**What the task requires:** Using the records below, transcribe exactly only the lines from the one with "Καλώδιο Δεδομένων και" through the end, both included, and drop every picture.

● ● ● ● ● ● ●

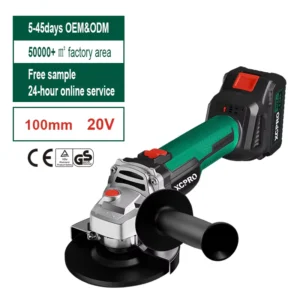 20V 2 Speed M14 Cordless Angle Grinder 3000 8500RPM 125mm Brushless Angle Grinder for Grinding Polishing & Cutting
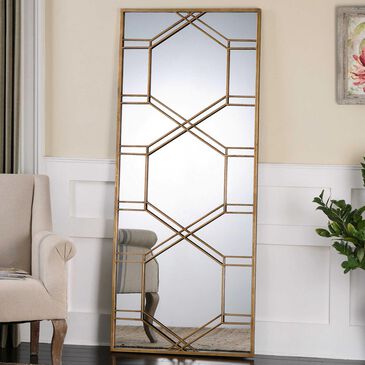 Uttermost Kennis Leaner Mirror in Antiqued Gold, , large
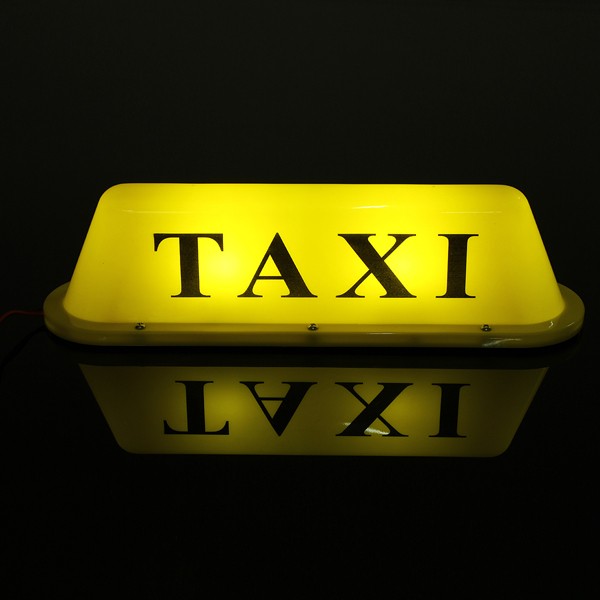 Taxis impermeable cabina coche azotea base magnética LED Lámpara de luz de la muestra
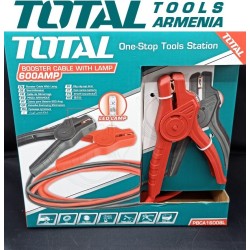 Մեքենայի մարտկոցի լիցքավորման լար 600 Ա 3 Մ LED լամպով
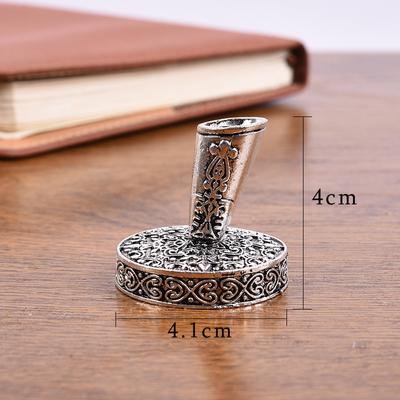 Penna d'oca vintage europea, portapenna in metallo rotondo, portapenne magico, accessori per penna stilografica, cancelleria in acciaio inossidabile, regalo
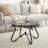 Tempered Glass Surface Coffee Table Set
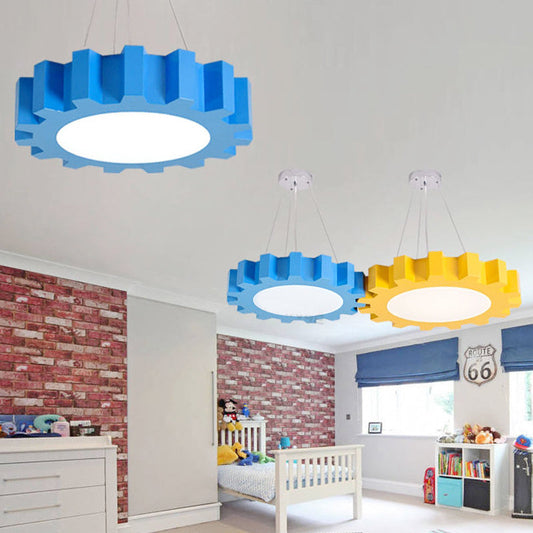 Acrylic Candy Colored LED Pendant Light For Kids Classroom NALANI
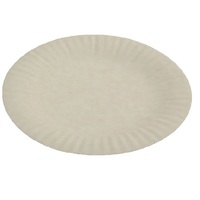 Capri Paper Plates Round White 9" 500/ctn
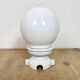 Vintage Porcelain Ceiling Light with Milk Glass , 1950s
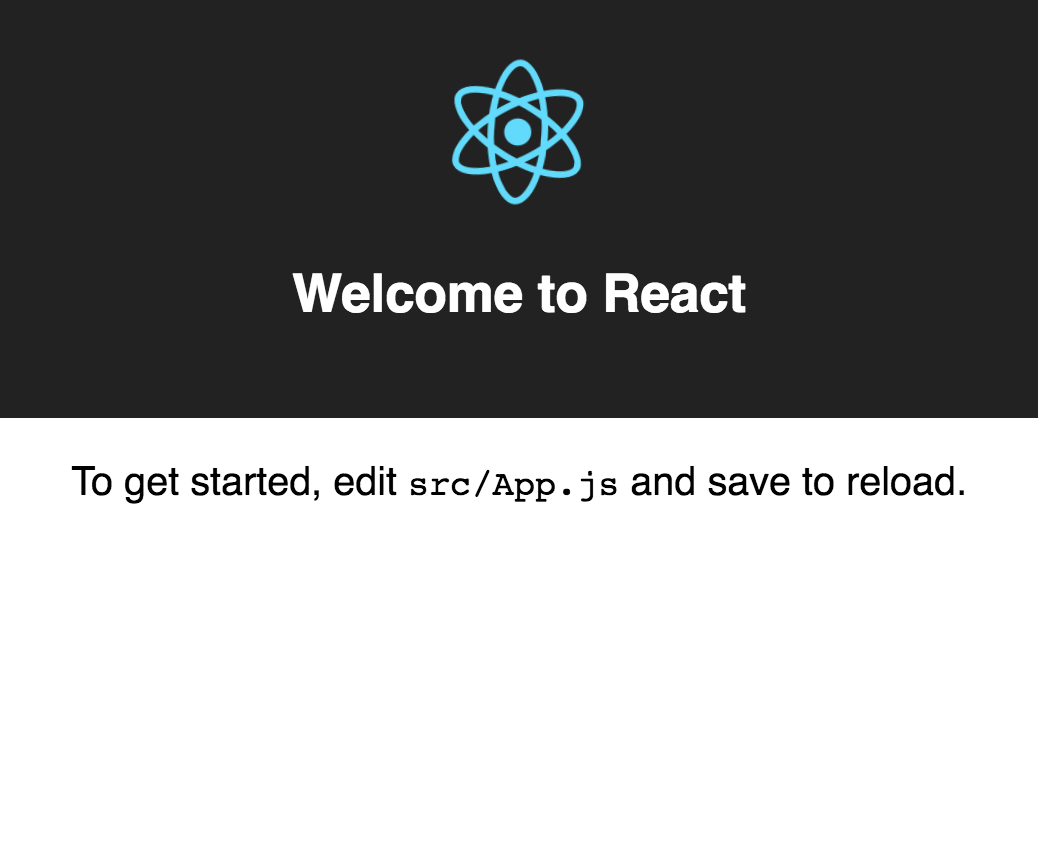create-react-app bootstrapped app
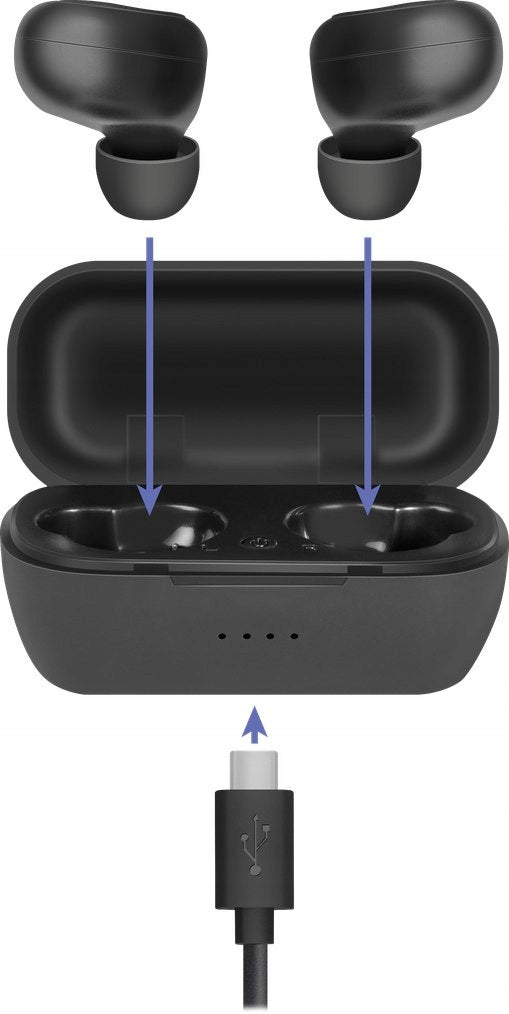 HEADPHONES DEFENDER BLUETOOTH TWINS 638 BLACK Packaging status original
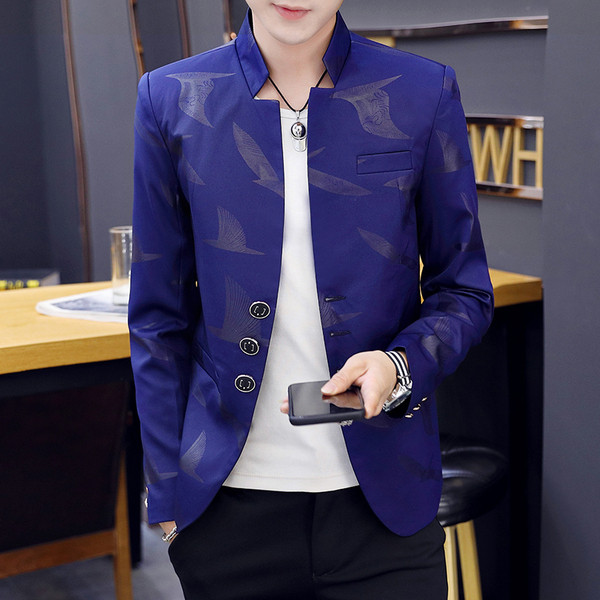 Актуално мъжко сако с бродерия в три цвята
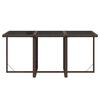 vidaXL Garden Dining Set Brown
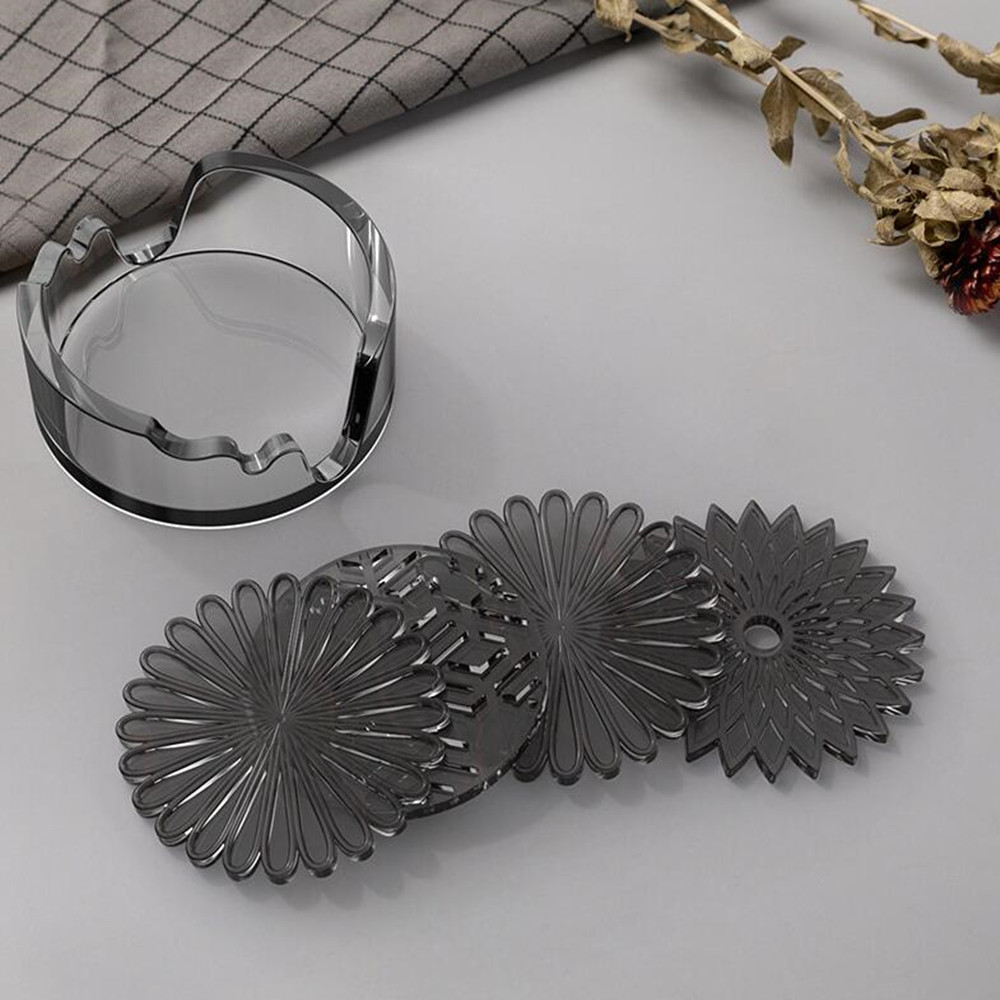 1Pcs Round Coaster Resin Silic - مراجعة Coaster Mold Round وسعره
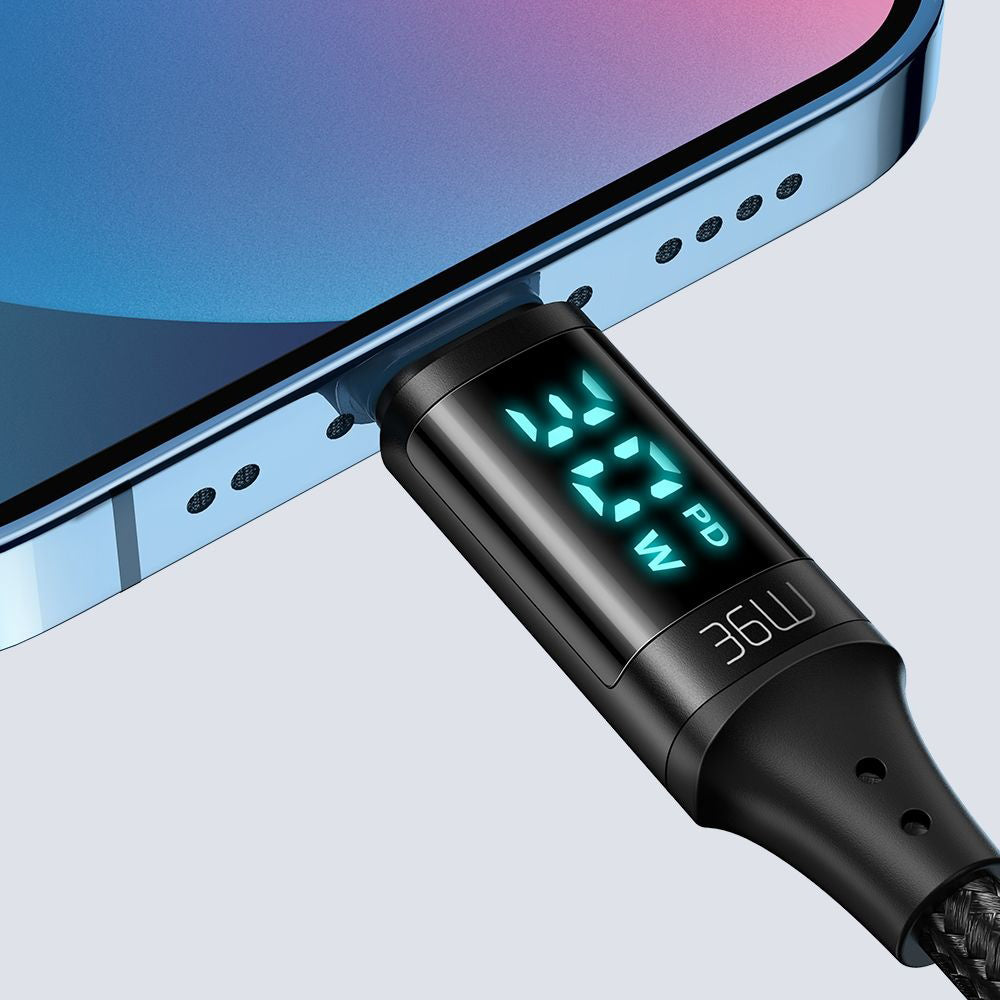 Καλώδιο Δεδομένων και Φόρτισης USB-C - Lightning McDodo CA-1030 Display, 36W, 1.2m, Μαύρο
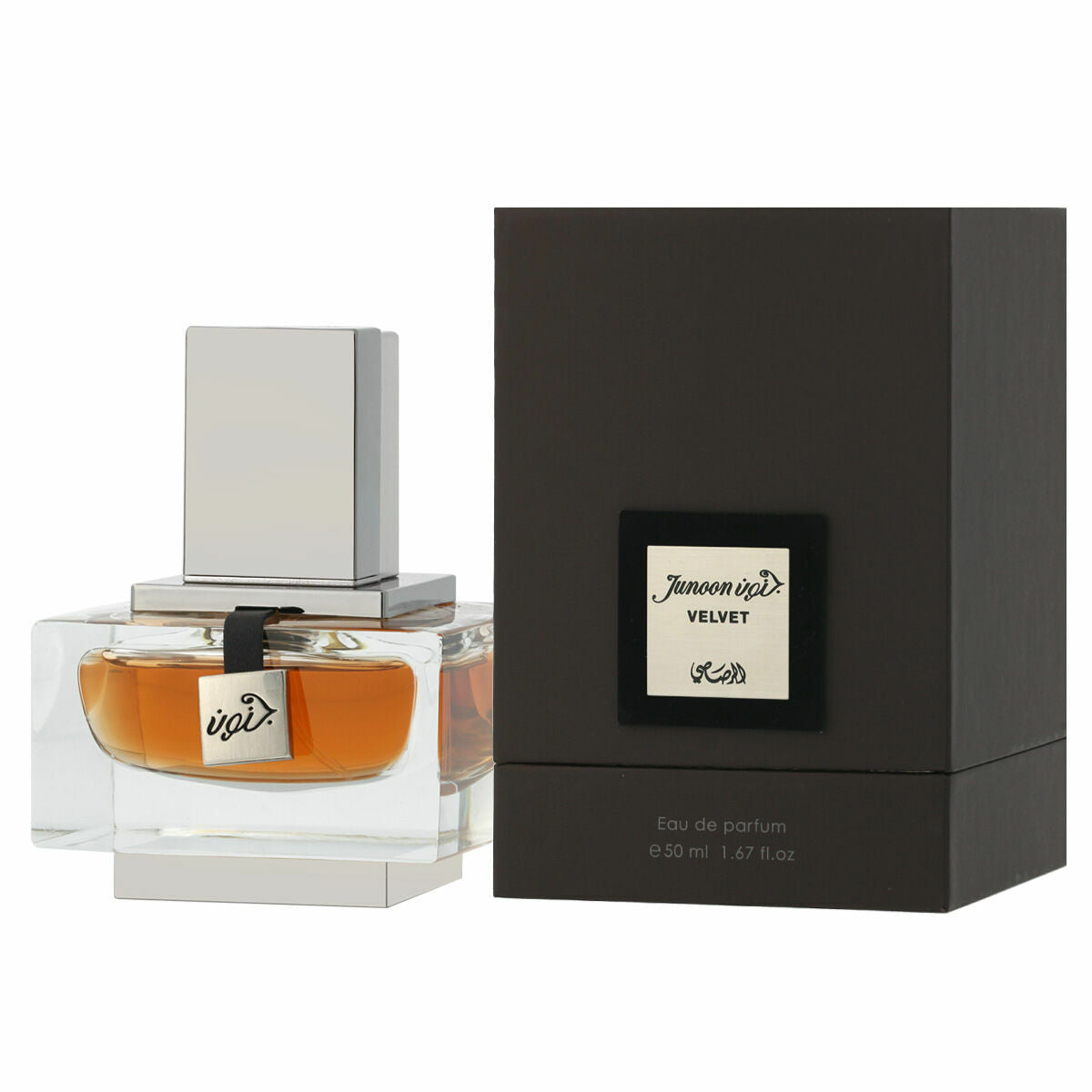 Men's Perfume Rasasi JUNOON VELVET for Men product packaging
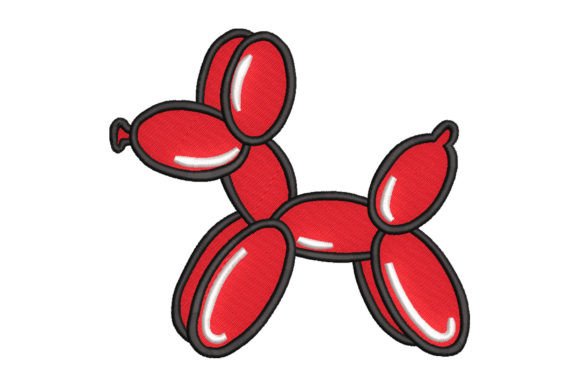 Toy Dog Puppy Balloon Embroidery Design Review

● ● ● ● ● ● ●

**Task response:**
 Καλώδιο Δεδομένων και Φόρτισης USB-C - Lightning McDodo CA-1030 Display, 36W, 1.2m, Μαύρο
 Men's Perfume Rasasi JUNOON VELVET for Men product packaging
 Toy Dog Puppy Balloon Embroidery Design Review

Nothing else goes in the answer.